MJ: Ho ricevuto grande appoggio da donne di diverse generazioni, specialmente famiglie che sono state vittime della guerra per decenni. Il mio messaggio alle donne del mio Paese è sempre stato che la chiave della libertà delle donne è conquistare consapevolezza e organizzazione: le donne devono spezzare le catene che legano le loro mani, piedi e menti, e unirsi per ottenere i loro diritti, come le coraggiose donne kurde la cui lotta è davvero epica. Gli sforzi per organizzare le donne la cui sofferenza è dieci volte maggiore, è un compito estremamente difficile. Queste donne sono analfabete, non hanno consapevolezza e sono costrette da innumerevoli altre forme dolorose di oppressione nella società maschilista, sciovinista e feudale. Il primo passo per organizzare queste donne è l’educazione e la consapevolezza politica e sociale e quindi coinvolgerle nei settori economici. Sfortunatamente, le nostre donne sono molto lontane dall’ottenere questi requisiti basilari per potersi organizzare in una forza potente e inarrestabile. Il che comunque non significa che è impossibile o fuori della realtà. Se crediamo che il cambiamento sia inevitabile, dobbiamo anche credere che il cambiamento viene dalla lotta rivoluzionaria del popolo, soprattutto dalle donne. Questo non può accadere e non accade senza un’organizzazione strutturata.

 

RDG: Si fa un gran parlare del bisogno di una organizzazione globale delle donne, una rete che sarebbe in grado di attivarsi quando accade qualcosa in questo o quel Paese. Pensi che ci stiamo arrivando? O detta in un altro modo: credi che ci sia abbastanza solidarietà e sostegno concreto da parte delle organizzazioni delle donne in giro per il mondo con i problemi delle donne afghane? Credi le donne anche nei vari governi, parlamenti o associazioni e gruppi stiano facendo la loro parte per sostenere le donne afghane, e del Medio Oriente? A livello personale, ti senti sola?

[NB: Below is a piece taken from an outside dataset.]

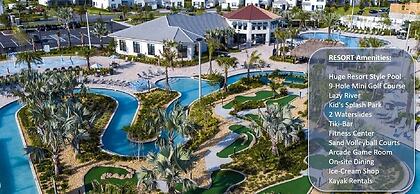 4802 LL Dream Getaway Luxury Townhome w/ Pool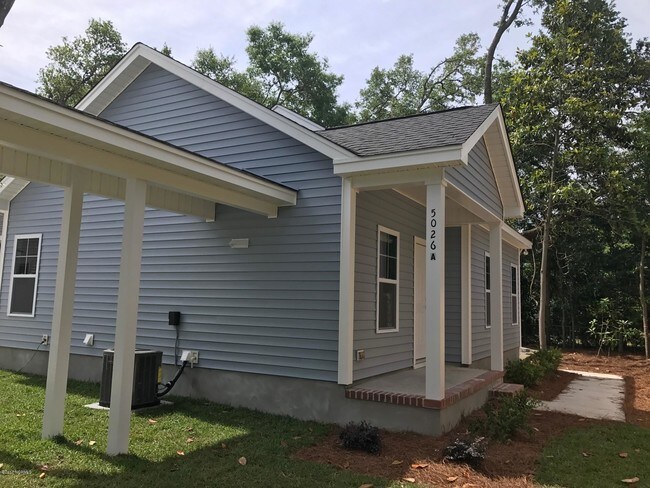 5026 Park Ave-Unit -A in Wilmington, NC - Building Photo - Building Photo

MJ: Credo fermamente nella solidarietà internazionale di uomini e donne nel mondo e mi aspetto che stringano la mano alla gente oppressa dell’Afghanistan, soprattutto alle forze e persone progressiste nel mio Paese. Non mi sono mai sentita sola in questa lotta così importante. Fortunatamente la gente meravigliosa di tanti Paesi nel mondo non mi ha lasciata sola e il loro grande sostegno mi dà sempre più speranza e determinazione. A nome della mia gente, ho ricevuto il sostegno di tante persone che amano la pace, che sono contro la guerra, di organizzazioni laiche, di sinistra, femministe, di personalità di tanti Paesi diversi.

Detto questo, le donne del mondo devono ancora riuscire a costruire questa importante rete e ce ne manca abbastanza. La maggior parte delle donne nel mondo occidentale subisce un lavaggio del cervello da parte della grande propaganda dei loro mezzi di comunicazioni disonesti, che le spingono lontane dalla realtà del nostro Paese e così non si schierano al fianco delle donne che soffrono e lottano in Afghanistan. Ci sono poche organizzazioni che non hanno chiuso gli occhi di fronte al dolore delle donne afghane e le sostengono in modi diversi. Dobbiamo ricordare che la solidarietà internazionale accorcia la grande distanza della lotta per raggiungere obiettivi diversi.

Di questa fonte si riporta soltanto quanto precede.